Stephen Frears é um dos diretores mais respeitados ainda em atividade no meio cinéfilo, sobretudo quando o assunto é biografia ou filme de época. A cada década, o diretor lança ao menos um filme marcante para a história do cinema, como fez em ‘Ligações Perigosas’ (1988), ‘Os Imorais’ (1990), ‘Alta Fidelidade’ (2000) ou com o mais recente ‘Philomena’ (2013). Desta vez, contando a história de Florence Foster Jenkins – que já havia sido recentemente adaptada na produção franco/belga ‘Marguerite’ – o diretor trabalha com a dupla de astros Meryl Streep e Hugh Grant nessa história bastante inusitada e emocionante.
Para quem não conhece a história, Florence (Meryl Streep) vivia em Nova Iorque e herdou muito dinheiro, se tornando uma das maiores incentivadoras e amantes da música na cidade. Certo dia decidiu seguir seu sonho de ser cantora de ópera, e recebeu a ajuda de seu marido St. Clair Bayfield (Hugh Grant) para contratar um pianista (Simon Helberg, da série ‘The Big Bang Theory’) que fosse do seu agrado para acompanhá-la, um jovem gentil e também um genuíno amante da música. Mas havia um pequeno problema em tudo isso: a voz de Florence era insuportável demais, horrorosa para quem pretendia ser uma cantora.
Uma história baseada em fatos reais como esta, ainda mais nas mãos de um diretor experiente como Frears, possibilita várias camadas de significado e de mensagens que o filme poderia passar. E é claro que o diretor explora esses recursos. As mensagens mais óbvias são a persistência para seguir seu sonho, apesar de todas as dificuldades e limitações, assim como mostrar que o amor é muito mais do que apenas uma parceria entre o casal. A cumplicidade e dedicação nos bons e maus momentos são de extrema importância para um relacionamento duradouro. Portanto, já fica aqui um elogio ao filme, que é a relação entre o casal principal, apresentada e desenvolvida ao longo da história de forma muito carinhosa e sensível.
Apesar da história de Florence ser bem dramática, pela situação bastante delicada de sua protagonista, o tom do filme é leve e se aproveita da motivação inusitada de Florence em ser uma cantora para se utilizar de várias inserções cômicas no meio da trama, faltando pouquíssimo para transformar o filme em uma comédia. E é aí que se justifica a entrada de Cosme McMoon (Simon Helberg), o pianista que ganha a confiança da protagonista e a ajuda a ir passo a passo realizando seu sonho. Helberg tem um timing cômico muito bom no filme e, assim como Hugh Grant e alguns outros personagens (não todos, pois alguns entregam uma atuação um tanto exagerada para o tom do filme), reage muito bem às inusitadas situações que vão ocorrendo. Essa contribuição na medida certa de Helberg e Grant é o que torna engraçado o filme em vários momentos. Já Meryl, dispensa muitos comentários, pois entrega mais uma atuação bastante plausível, utilizando um método que as vezes remete vagamente a alguns personagens que já interpretou na sua prolífica carreira, como Julia Child, por exemplo, mas sejamos sinceros, é quase impossível para alguém com a carreira dela criar algo totalmente do “zero”. Ou seja, um bom trabalho desempenhado pelo trio principal.

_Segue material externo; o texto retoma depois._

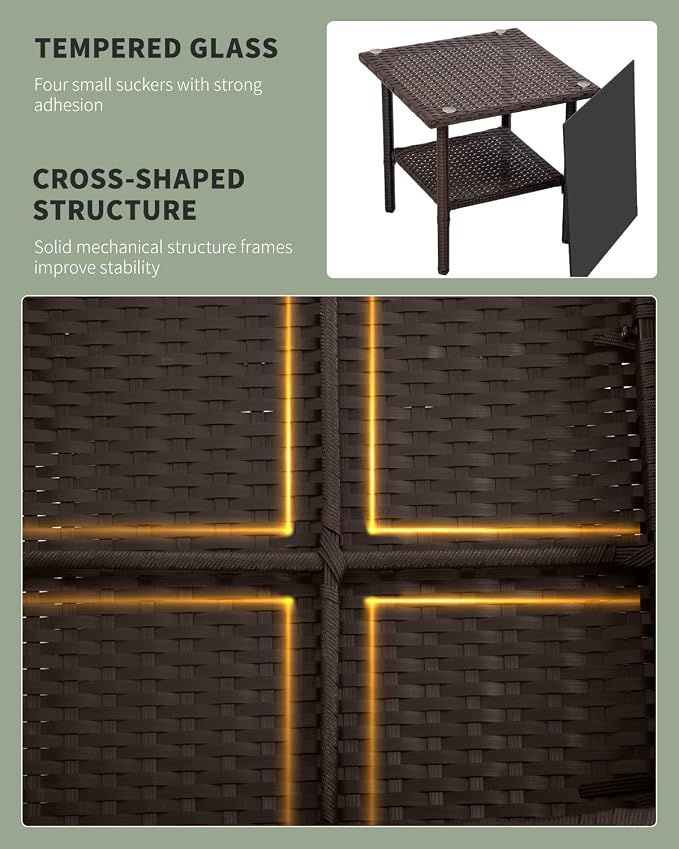 PayLessHere 3 Piece Furniture Patio Chairs Wicker Outdoor Rattan Conversation Bistro Set for Backyard Porch Poolside Lawn (Brown)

Não que seja um defeito, mas a pragmática direção de Frears não se preocupa em tornar a trama mais interessante, considerando que o filme tem quase duas horas de duração, e isso já é bastante recorrente na sua carreira. Sendo assim, o filme fica monótono em alguns momentos e não acontecem grandes eventos com os personagens (com exceção do casal principal, os personagens não têm muitas confrontações nem com o ambiente e nem entre si). Ou seja, lembrando que, no cinema contemporâneo, para você manter a atenção integral do espectador é preciso mais, as pessoas querem ver filmes com histórias interessantes. Portanto, essa abordagem muito “linear” e clássica, eu diria, de se contar uma história, pode soar muito maçante para o público geral, reduzindo seus admiradores a uma parcela bem menor de espectadores.
Sendo assim, trilha, direção de arte, fotografia, também, estão em um nível bastante aceitável de qualidade, mas nada que seja muito digno de nota. Há uma bela cena ao som de Chopin e momentos muito divertidos, mas creio que o grande elogio de ‘Florence: Quem é Essa Mulher?’, vá para a sensibilidade com que Stephen Frears constrói a dedicada relação entre o casal principal. Apoiado por ótimas atuações, o filme é mais recomendado para aqueles espectadores habituados a um estilo de cinema mais “clássico”, por assim dizer. Um filme que fica na sua zona de segurança, mas que faz jus à história na qual foi inspirado.